The next installment of Herbie Hancock’s multifaceted recording career will be “Magic Windows,” an album due in September that will be, he said before last night’s show at Berklee Performance Center, a foray into “pop and rhythm and blues.”
Hancock – ever the chameleon-like jazz experimentalist – added it would even show some new wave influences with Talking Heads/David Bowie guitarist Adrian Belew featured on one track.
Would it in any way be a jazz album?
Hancock thought for a long moment. “Yeah,” he replied, “there are jazz solos, but it’s not really a jazz record.”
Last night jazz was the order of business – not fusion or funk (where Hancock made an impressive mark in 1973 with “Headhunters”), but acoustic jazz performed by Hancock on grand piano, Ron Carter on upright bass, Tony Williams on drums and Wynton Marsalis on trumpet.
With jazz being the order of business and with Miles Davis in town for his last night, one rumor had it that the two musicians – who played together in Davis’ quintet from 1963 to 1968 – might be getting together to jam last night at Berklee Performance Center. “I’d be surprised if he did,” Hancock said before the show. “He’s getting his own group together.”

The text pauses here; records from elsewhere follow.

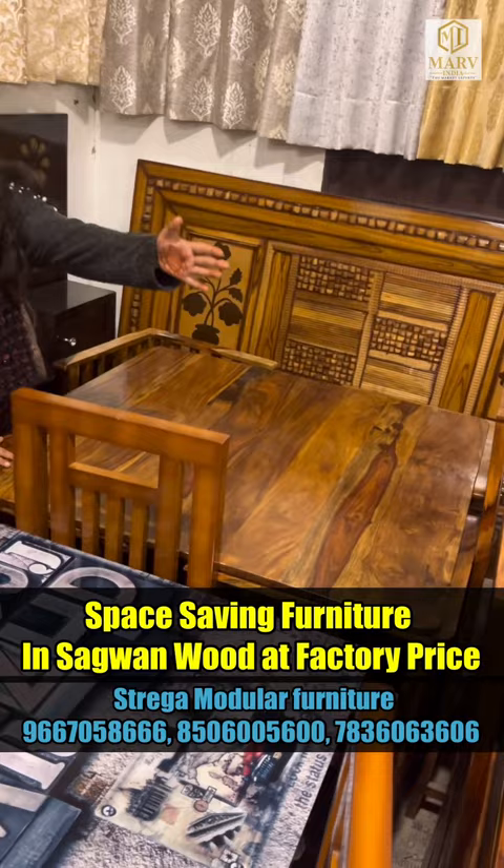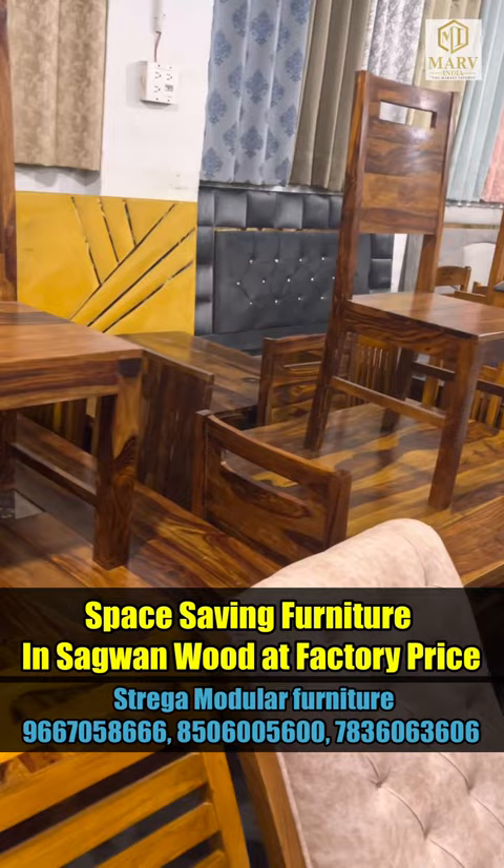If you want to get a 6-seater, you can get a 6-seater. Talking about pricing, it is about 16,000 for the dining table. There are also a lot of latest designs and patterns.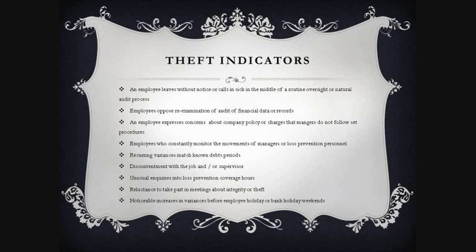Theft indicators include: an employee who leaves without notice or calls in sick during a routine audit; employees who oppose re-examination of financial data; employees who express concerns about company policy or claim managers don't follow procedures; employees who constantly monitor the movements of managers or loss prevention personnel; recurring variances matching known debt periods; discontentment with the job or supervisor; unusual inquiries into loss prevention coverage hours; reluctance to attend integrity or theft meetings; and noticeable increases in variances before employee holidays or bank holiday weekends.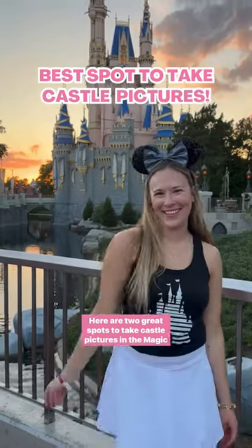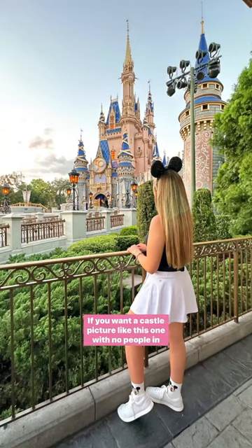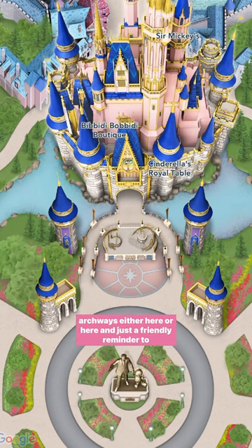Here are two great spots to take castle pictures in the Magic Kingdom. If you want a castle picture like this one with no people in the background, then you're going to want to go under the archways either here or here.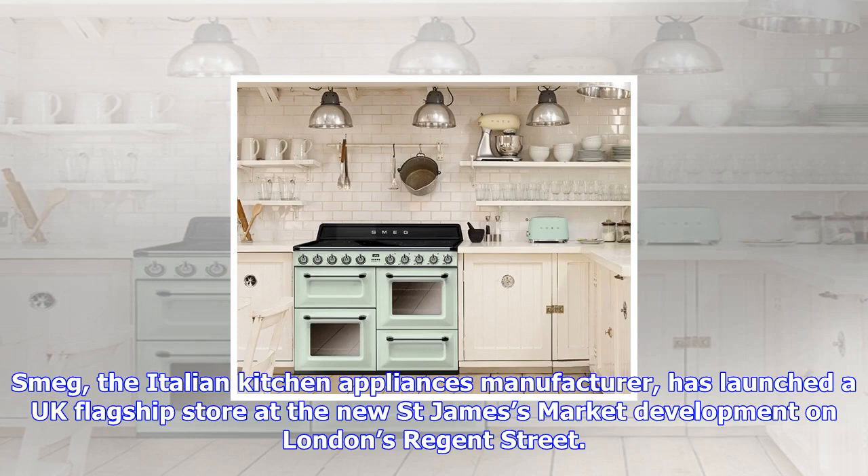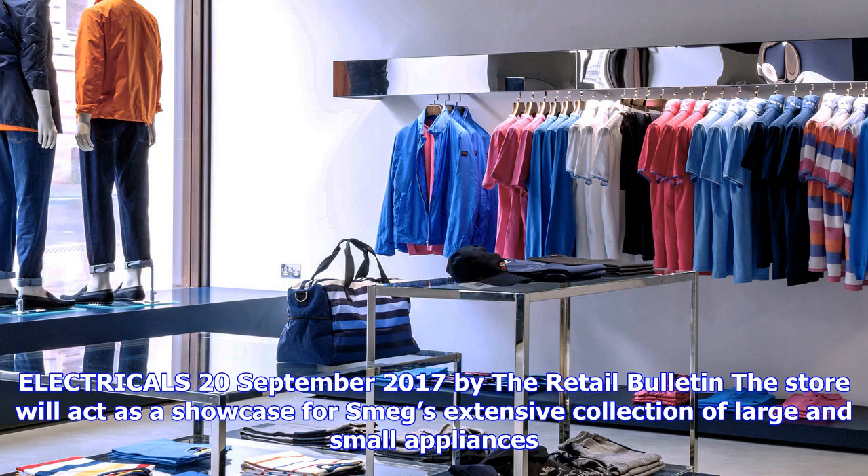Reported by the Retail Bulletin on 20 September 2017, the store will act as a showcase for Smeg's extensive collection of large and small appliances. The storefront has the largest single-pane glass windows in London, while the interior has seven-meter-high ceilings.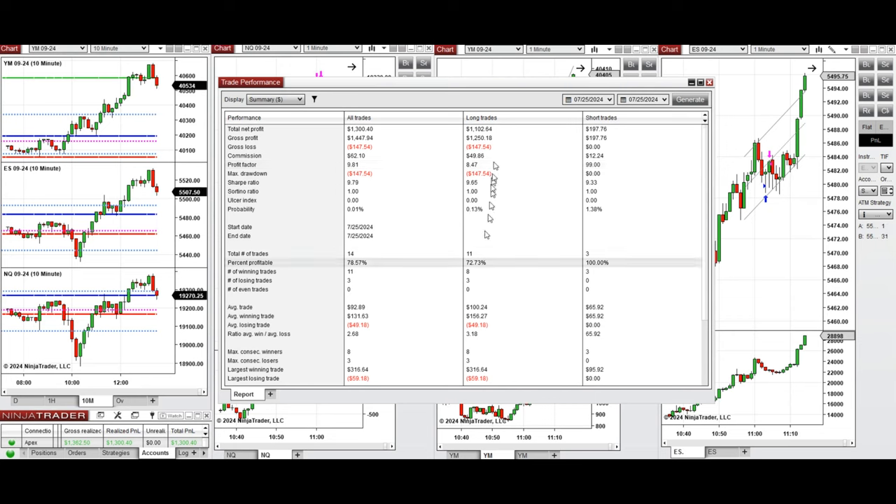The account showed a profit factor of about 10, coming from a win rate of 78%. Of that, 72% was from long positions and 100% from short sell positions. The average win-to-loss ratio was about 2.68. The largest winning trade was $316 and the largest losing trade was $59.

In retrospect, one can see why Hancock would have been surprised. Last night’s performance – though kinetic at times and challenging throughout – often seemed too sterile, lacking the great sense of spontaneity and joyous release that one hopes to hear when stellar musicians pool talents.
And, to be blunt, one of the hindrances to enjoyment was that most basic problem: set length. Hancock’s nine-song set lasted only 75 minutes and, at $13.50 a ticket, that doesn’t rank high on the music-for-money-scale. “I seriously thought it was intermission,” said one disgruntled fan after the show. “A lot of people thought it was intermission.”

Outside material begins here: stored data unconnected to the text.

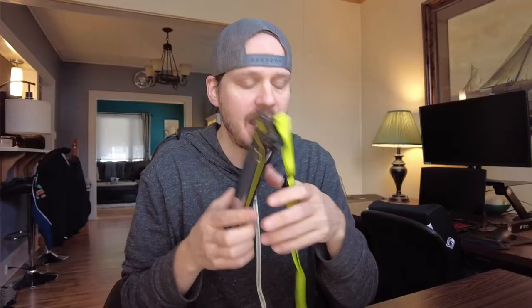I go kayaking a lot in the summer, as much as I can, and I buy these Pelican waterproof phone cases and I love them. I actually buy lots of them — these are just two of the recent ones I bought. I keep them in my truck, I keep them in my kayaks, and I keep extra ones for other people to kayak with us.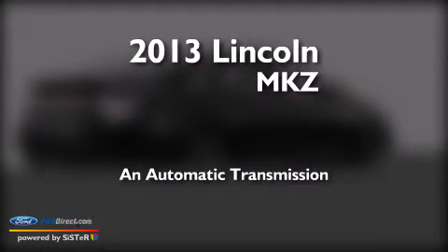This is a brand new 2013 Lincoln MKZ. This four-door sedan has an automatic transmission and a 3.7-liter V6.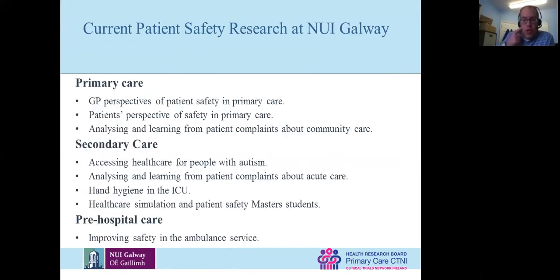The work we're doing covers patient safety across healthcare. Keira Curran, who's a GP, is looking at patient safety from the GP's perspective. We have a PhD student looking at the patient's perspective of safety in primary care — it may be the same or different. And we have a new PhD student looking at patient complaints about community care — what they are, what the risk is, and where they're coming from.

There were certainly moments of grandeur. Williams’ was particularly impressive; his versatility and dynamic range was astounding in “The Sorcerer” and “Nefertiti” where he imbued the fast, complex tempos with exquisite subtleties and loud cymbal splashes alike.

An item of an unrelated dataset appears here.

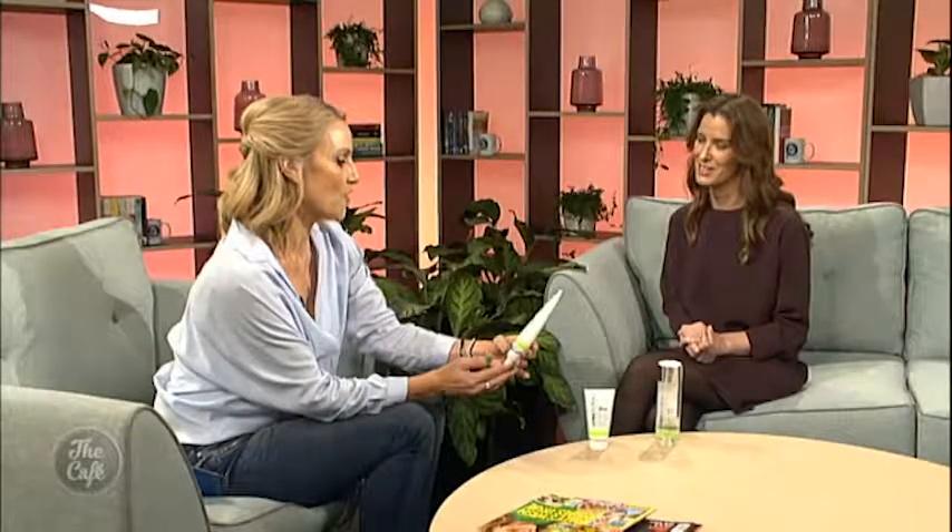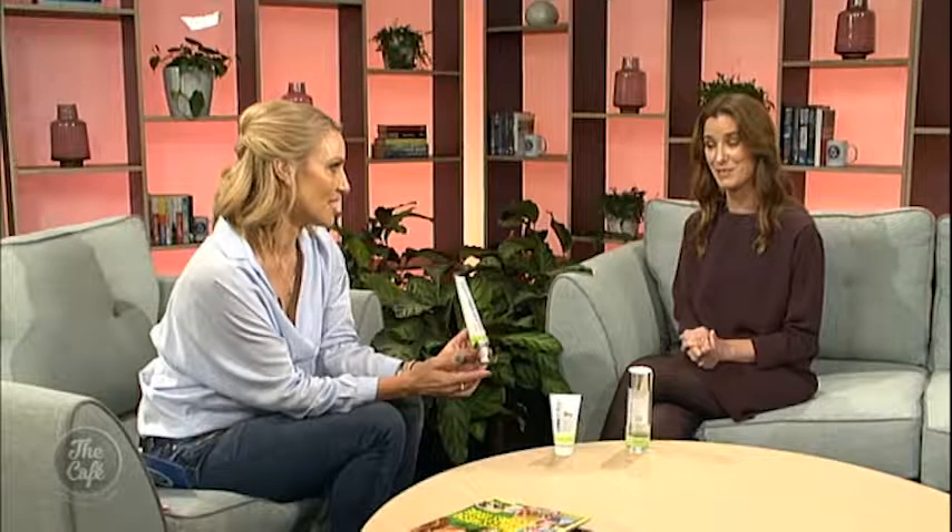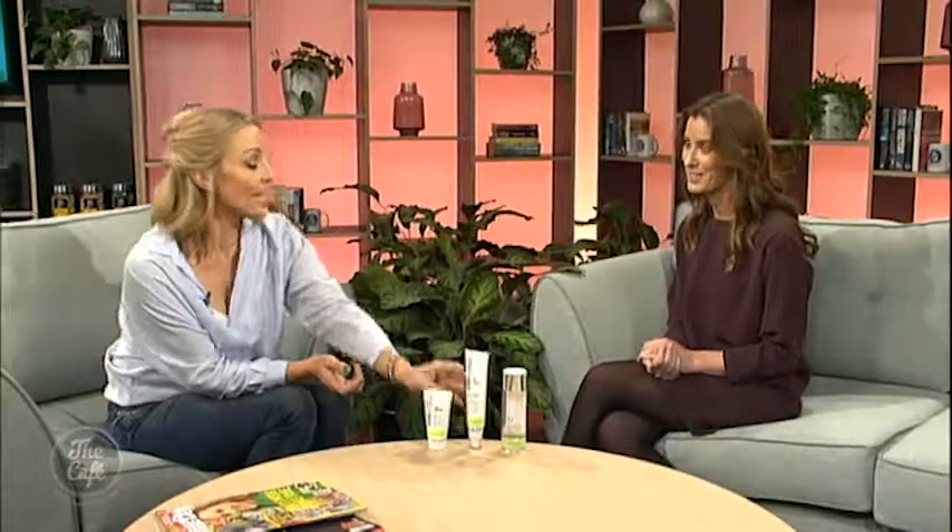It's obviously very important to wear sunscreen all year around, even in the middle of winter. There are still UVA rays present during winter — we can't feel them and we don't see them, so we don't think the damage is there because we don't feel the sunburn. That's why we need to wear sunscreen all year around.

With trumpeter Marsalis carrying the lead (often working in an upper register) and Hancock adding undertones that intertwined and sometimes snaked upward, the band mostly charted a churning, relentlessly busy course. Although searching for the combination that would bring the music to peaks, they rarely moved into consummate overdrive. The best moments were actually the softer excursions – Hancock’s contemplative introduction to “Parade,” the piano/muted trumpet lines that worked a gentle magic in “I Fall In Love Too Easily” and the hypnotic rhythmic textures from Carter and Williams during “A Quick Sketch.”
Given the cast, the performance could hardly help from being impressive at certain junctures; it just didn’t smolder with the kind of hot blooded passion one gets from an Arthur Blythe a Sonny Rollins . . . or a Miles Davis.